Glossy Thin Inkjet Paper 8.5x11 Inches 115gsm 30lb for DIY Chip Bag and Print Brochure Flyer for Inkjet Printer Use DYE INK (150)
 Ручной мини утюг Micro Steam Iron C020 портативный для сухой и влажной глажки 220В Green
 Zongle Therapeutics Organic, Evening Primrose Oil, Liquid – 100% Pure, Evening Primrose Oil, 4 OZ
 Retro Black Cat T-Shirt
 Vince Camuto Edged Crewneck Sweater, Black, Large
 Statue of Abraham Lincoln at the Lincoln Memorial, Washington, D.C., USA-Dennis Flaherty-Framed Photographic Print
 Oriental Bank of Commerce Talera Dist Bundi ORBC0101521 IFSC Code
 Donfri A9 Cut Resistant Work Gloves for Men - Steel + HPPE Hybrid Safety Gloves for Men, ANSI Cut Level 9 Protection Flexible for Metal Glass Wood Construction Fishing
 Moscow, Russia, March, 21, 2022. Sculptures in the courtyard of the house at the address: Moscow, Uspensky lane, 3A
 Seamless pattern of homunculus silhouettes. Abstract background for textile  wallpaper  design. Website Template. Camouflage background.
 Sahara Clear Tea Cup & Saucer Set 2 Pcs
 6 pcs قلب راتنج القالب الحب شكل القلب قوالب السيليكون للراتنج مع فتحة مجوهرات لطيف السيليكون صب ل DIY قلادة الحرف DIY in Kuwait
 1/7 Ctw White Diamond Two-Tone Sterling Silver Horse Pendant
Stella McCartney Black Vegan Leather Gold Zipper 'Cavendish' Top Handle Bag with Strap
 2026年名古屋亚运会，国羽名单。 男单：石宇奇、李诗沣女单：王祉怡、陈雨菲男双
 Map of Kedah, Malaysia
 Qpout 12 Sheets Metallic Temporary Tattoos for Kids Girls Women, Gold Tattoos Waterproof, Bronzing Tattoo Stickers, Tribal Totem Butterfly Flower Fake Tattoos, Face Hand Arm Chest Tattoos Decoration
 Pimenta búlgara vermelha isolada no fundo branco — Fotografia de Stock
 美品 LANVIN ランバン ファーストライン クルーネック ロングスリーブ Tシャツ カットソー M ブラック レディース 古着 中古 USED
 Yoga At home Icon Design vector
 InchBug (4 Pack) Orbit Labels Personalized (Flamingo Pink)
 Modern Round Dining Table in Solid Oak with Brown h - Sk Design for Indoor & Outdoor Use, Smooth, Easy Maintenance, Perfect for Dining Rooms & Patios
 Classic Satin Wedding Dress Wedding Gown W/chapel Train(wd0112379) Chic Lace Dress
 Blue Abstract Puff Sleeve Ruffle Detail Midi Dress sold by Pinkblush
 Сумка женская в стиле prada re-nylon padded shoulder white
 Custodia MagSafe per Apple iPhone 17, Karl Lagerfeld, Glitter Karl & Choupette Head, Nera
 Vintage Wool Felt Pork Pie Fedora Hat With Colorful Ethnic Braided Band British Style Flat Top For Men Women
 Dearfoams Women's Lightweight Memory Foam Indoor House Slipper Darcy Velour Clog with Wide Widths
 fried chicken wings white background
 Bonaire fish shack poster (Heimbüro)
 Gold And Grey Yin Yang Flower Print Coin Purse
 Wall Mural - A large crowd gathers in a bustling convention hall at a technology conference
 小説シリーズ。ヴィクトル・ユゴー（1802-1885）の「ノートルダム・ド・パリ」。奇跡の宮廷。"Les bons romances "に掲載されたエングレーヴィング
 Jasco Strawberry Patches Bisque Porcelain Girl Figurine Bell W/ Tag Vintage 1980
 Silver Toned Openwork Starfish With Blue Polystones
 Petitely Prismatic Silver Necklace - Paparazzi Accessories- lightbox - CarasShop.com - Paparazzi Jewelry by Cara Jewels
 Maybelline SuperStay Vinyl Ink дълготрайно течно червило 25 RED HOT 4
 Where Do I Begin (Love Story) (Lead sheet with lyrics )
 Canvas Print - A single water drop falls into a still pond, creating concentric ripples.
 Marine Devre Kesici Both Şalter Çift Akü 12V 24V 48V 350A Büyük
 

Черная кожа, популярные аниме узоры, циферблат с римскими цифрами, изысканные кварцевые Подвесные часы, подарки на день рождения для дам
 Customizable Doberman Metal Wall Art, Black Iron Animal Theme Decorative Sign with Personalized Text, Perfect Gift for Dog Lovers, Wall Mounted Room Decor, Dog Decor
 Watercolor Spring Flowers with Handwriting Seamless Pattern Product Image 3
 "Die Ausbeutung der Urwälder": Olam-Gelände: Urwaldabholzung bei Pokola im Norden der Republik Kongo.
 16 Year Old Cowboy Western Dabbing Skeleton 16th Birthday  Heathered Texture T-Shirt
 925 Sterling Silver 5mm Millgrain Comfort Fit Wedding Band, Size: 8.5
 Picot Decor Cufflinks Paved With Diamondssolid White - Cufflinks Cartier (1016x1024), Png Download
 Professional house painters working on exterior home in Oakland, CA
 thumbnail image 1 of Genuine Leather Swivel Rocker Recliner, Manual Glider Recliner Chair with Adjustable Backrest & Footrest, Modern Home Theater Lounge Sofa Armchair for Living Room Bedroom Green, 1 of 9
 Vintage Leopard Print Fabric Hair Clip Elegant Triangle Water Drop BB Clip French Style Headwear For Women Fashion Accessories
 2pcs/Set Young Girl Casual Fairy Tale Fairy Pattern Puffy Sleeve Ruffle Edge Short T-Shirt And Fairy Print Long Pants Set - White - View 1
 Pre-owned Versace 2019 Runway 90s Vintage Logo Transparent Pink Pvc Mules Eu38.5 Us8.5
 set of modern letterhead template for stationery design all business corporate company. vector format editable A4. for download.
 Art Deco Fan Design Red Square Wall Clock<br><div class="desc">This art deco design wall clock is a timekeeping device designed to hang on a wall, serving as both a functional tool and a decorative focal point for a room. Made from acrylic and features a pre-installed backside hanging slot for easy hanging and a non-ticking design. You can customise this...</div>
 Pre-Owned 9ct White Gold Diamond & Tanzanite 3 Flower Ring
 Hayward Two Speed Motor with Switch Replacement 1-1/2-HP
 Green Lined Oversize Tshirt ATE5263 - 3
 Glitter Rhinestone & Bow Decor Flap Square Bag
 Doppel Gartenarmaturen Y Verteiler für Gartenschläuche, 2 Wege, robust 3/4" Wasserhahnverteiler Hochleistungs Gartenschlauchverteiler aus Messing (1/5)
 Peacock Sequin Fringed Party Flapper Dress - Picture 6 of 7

────────────────────

What is required: Your answer should consist of the lines from the line with "美品 LANVIN ランバン" to the line with "Bonaire fish shack poster (Heimbüro)" above, repeated exactly, both ends included.

Task solution:
 美品 LANVIN ランバン ファーストライン クルーネック ロングスリーブ Tシャツ カットソー M ブラック レディース 古着 中古 USED
 Yoga At home Icon Design vector
 InchBug (4 Pack) Orbit Labels Personalized (Flamingo Pink)
 Modern Round Dining Table in Solid Oak with Brown h - Sk Design for Indoor & Outdoor Use, Smooth, Easy Maintenance, Perfect for Dining Rooms & Patios
 Classic Satin Wedding Dress Wedding Gown W/chapel Train(wd0112379) Chic Lace Dress
 Blue Abstract Puff Sleeve Ruffle Detail Midi Dress sold by Pinkblush
 Сумка женская в стиле prada re-nylon padded shoulder white
 Custodia MagSafe per Apple iPhone 17, Karl Lagerfeld, Glitter Karl & Choupette Head, Nera
 Vintage Wool Felt Pork Pie Fedora Hat With Colorful Ethnic Braided Band British Style Flat Top For Men Women
 Dearfoams Women's Lightweight Memory Foam Indoor House Slipper Darcy Velour Clog with Wide Widths
 fried chicken wings white background
 Bonaire fish shack poster (Heimbüro)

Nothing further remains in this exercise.